* Records provided *
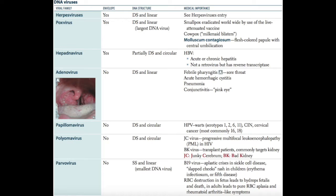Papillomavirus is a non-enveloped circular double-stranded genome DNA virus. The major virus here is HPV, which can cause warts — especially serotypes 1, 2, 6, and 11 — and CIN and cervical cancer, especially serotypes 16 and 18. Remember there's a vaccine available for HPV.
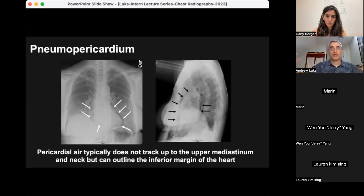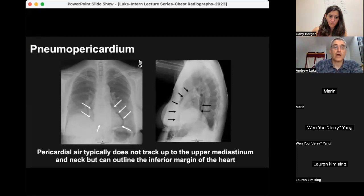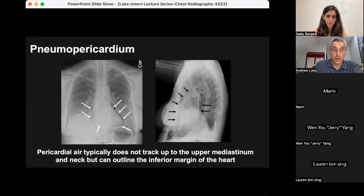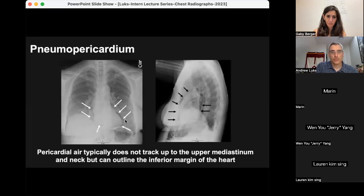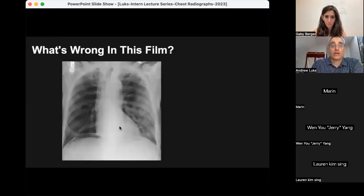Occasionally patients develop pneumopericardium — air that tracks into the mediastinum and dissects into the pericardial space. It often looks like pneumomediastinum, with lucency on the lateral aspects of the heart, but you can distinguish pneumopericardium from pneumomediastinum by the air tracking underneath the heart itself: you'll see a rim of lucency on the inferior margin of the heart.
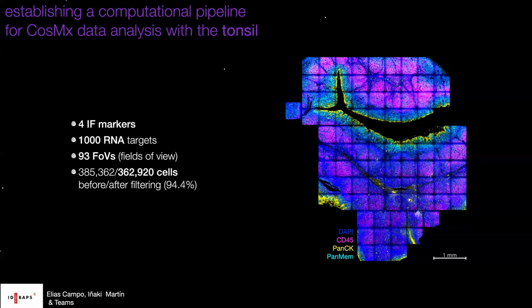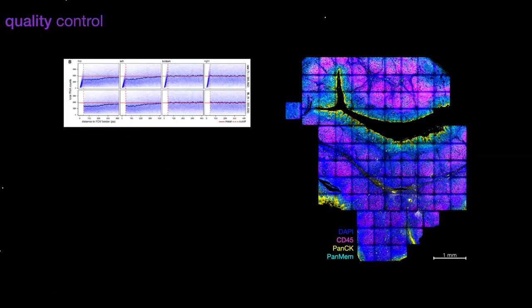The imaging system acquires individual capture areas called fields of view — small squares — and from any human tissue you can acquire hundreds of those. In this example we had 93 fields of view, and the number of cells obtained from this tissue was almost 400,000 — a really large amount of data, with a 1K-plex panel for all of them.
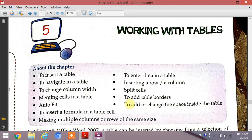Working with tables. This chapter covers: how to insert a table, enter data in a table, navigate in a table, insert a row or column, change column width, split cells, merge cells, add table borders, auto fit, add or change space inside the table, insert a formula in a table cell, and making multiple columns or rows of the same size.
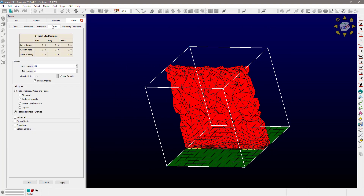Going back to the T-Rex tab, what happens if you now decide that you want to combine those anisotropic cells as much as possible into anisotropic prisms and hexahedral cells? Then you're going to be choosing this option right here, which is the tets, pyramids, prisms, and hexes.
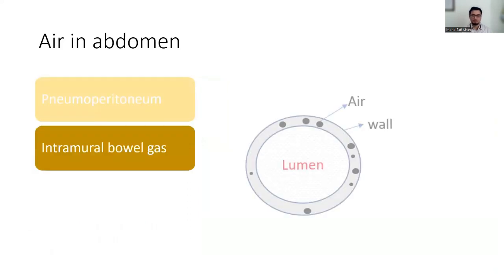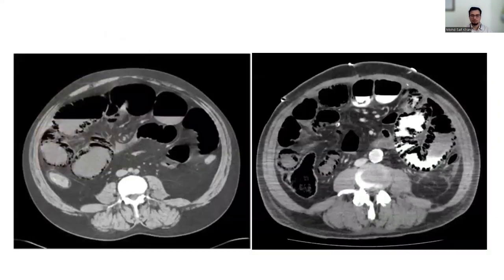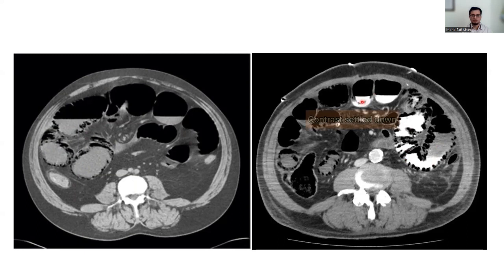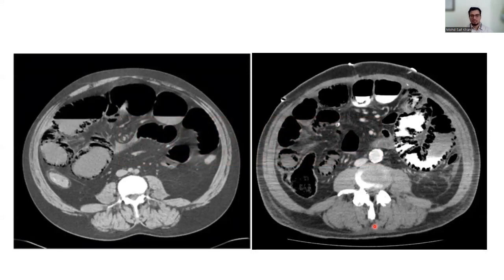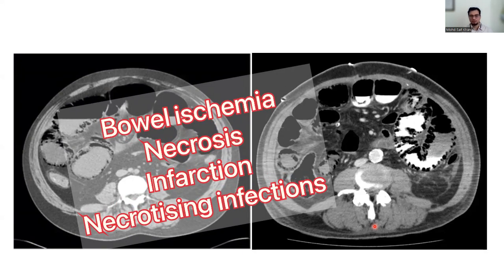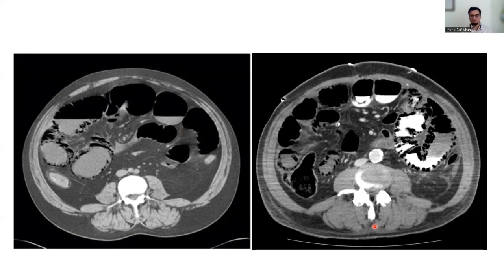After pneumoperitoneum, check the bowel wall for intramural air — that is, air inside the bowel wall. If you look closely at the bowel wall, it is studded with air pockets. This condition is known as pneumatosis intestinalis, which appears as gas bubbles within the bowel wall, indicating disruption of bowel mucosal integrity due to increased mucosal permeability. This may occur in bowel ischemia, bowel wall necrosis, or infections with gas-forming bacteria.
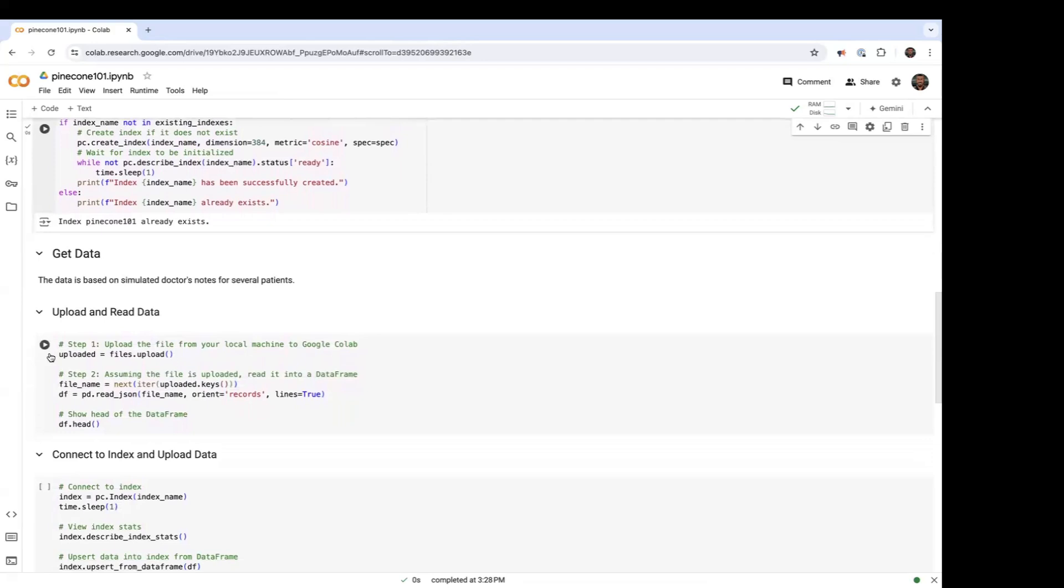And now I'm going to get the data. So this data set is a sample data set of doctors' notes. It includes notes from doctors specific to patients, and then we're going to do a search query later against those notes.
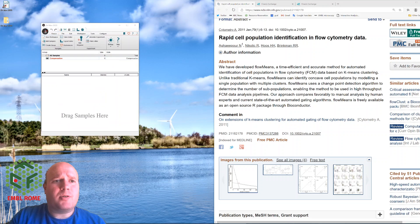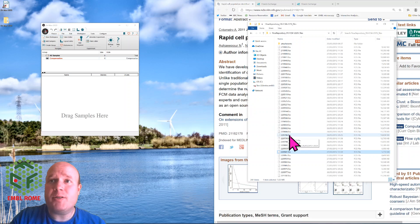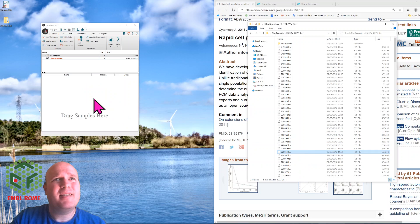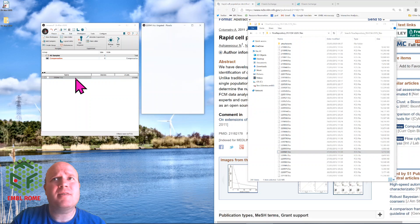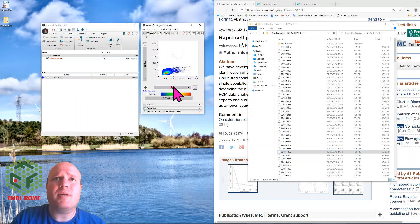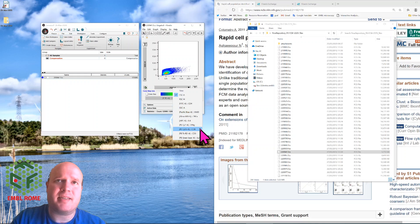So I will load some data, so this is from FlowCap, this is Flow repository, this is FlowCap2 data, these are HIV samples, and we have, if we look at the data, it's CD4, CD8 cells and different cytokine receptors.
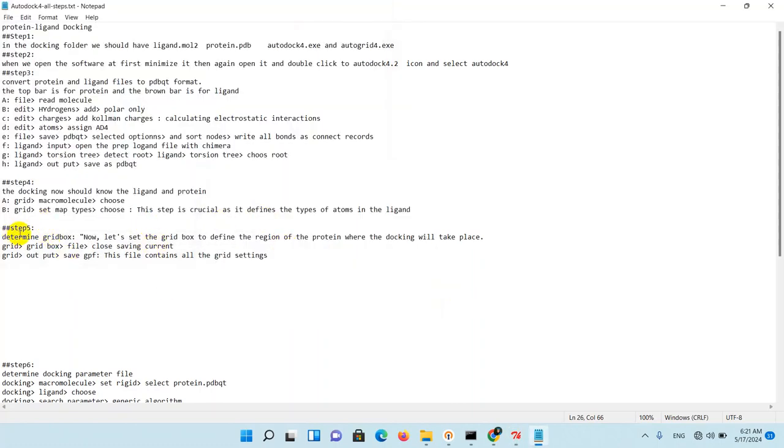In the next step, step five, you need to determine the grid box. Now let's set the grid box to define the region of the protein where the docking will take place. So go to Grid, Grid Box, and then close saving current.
--
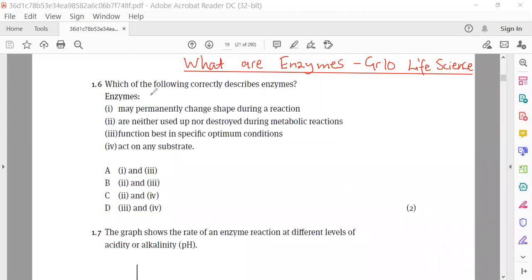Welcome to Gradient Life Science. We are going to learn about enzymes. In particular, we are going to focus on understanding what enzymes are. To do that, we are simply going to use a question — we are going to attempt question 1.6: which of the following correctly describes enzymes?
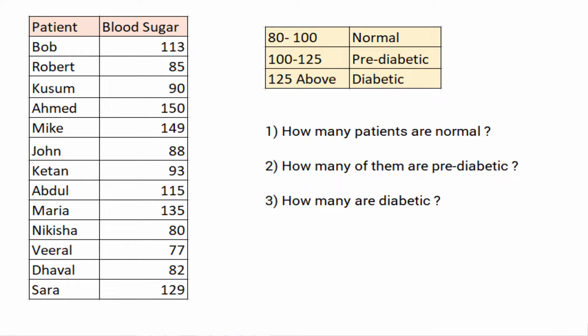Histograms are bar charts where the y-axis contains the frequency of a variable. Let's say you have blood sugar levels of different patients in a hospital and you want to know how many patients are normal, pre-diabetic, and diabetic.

* Problem *
Above are some records; quote exactly and only the lines that begin at the line containing "And now I'm" and stop after the line containing "In the next", leaving out the pictures.

* Solution for this problem *
And now I'm going to get the data. So this data set is a sample data set of doctors' notes. It includes notes from doctors specific to patients, and then we're going to do a search query later against those notes.
So I will load some data, so this is from FlowCap, this is Flow repository, this is FlowCap2 data, these are HIV samples, and we have, if we look at the data, it's CD4, CD8 cells and different cytokine receptors.
In the next step, step five, you need to determine the grid box. Now let's set the grid box to define the region of the protein where the docking will take place. So go to Grid, Grid Box, and then close saving current.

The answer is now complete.